Hpakant Jade Stone Estimated at 50 Tons

A jade stone, estimated to weigh some 50 tons, is pictured in Hpakant, Kachin State. (Photo:  The Irrawaddy)

RANGOON — A massive jade stone recently discovered near a village in Kachin State’s Hpakant region is believed to weigh about 50 tons, though with half the rock yet to be unearthed, its exact mass remains unknown.
After visiting the discovery site and sizing up the raw jade stone in Wai Ka village amid tight security, local jade merchant U Cho said initial reports of its size were likely underestimated.
“We estimate that the stone might be bigger,” he told The Irrawaddy. “What we had heard [that the stone was thought to weigh about 20 tons] was because the body of the stone is still buried in the ground. But, we don’t know how much it will be worth.”
Government troops were deployed this week to guard the area where the jade stone is located. As a result, local small-scale jade miners have been completely barred from searching for jade in the surrounding area.
The jade stone, described by locals as being “as big as a Mitsubishi Pajero truck,” was found by a small-scale miner, Aung Naing Win, on Feb. 9 in Hpakant Township. The region, west of the Kachin State capital Myitkyina, is known for possessing some of the world’s best jade.
Contacted by The Irrawaddy on Wednesday, a staffer at the state-owned Myanmar Gems Enterprise in Naypyidaw said she was not allowed to comment on the jade stone discovery in Hpakant.
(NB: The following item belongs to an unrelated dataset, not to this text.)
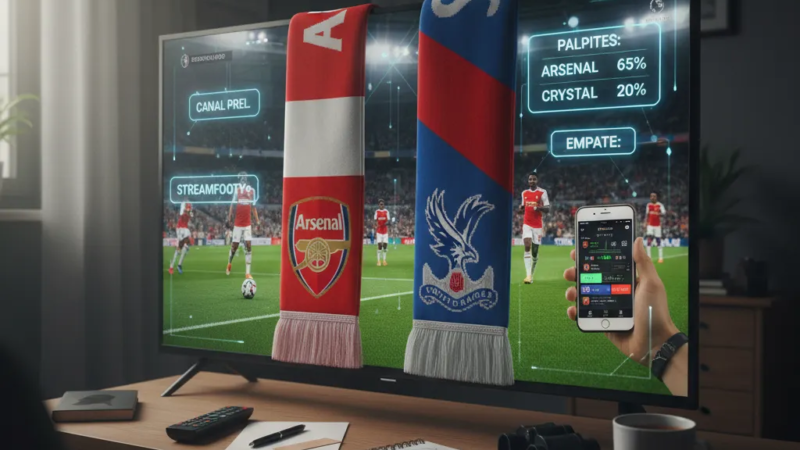 Jogadores do Arsenal e Crystal Palace em ação intensa, disputando a bola em campo de futebol.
Asked for contact details for an individual authorized to speak to the media, the staffer said she was not at liberty to provide that information.
The Myanmar Gems Enterprise operates under Burma’s Ministry of Mines.
Small-scale miners in the region operate unlicensed, and thus have no legal claim to jade that they discover. Most of them deal in the black market trade.
Legal ownership of the stone in Wai Ka village remains unclear. Licensed miners are allowed to reap the profits of their jade discoveries, subject to government taxation, but Burma’s 2008 Constitution stipulates that the state “is the ultimate owner of all lands and all natural resources above and below the ground, above and beneath the sea, and in the atmosphere in the Union.”
Burma produces the vast majority of the world’s jade. It is often smuggled over the border to China in a massive unregulated trade, without ever being taxed.
A July 2013 report by the US-based Ash Center for Democratic Governance and Innovation at Harvard University put the sale of Burmese jade at as high as US$8 billion in 2011.
Most jade mining companies that operate in Hpakant are run by Chinese businessmen or Burmese cronies. One of the biggest industry players is the Union of Myanmar Economic Holdings Ltd (UMEHL), a Burmese military-run conglomerate that dominates many sectors of the country’s economy.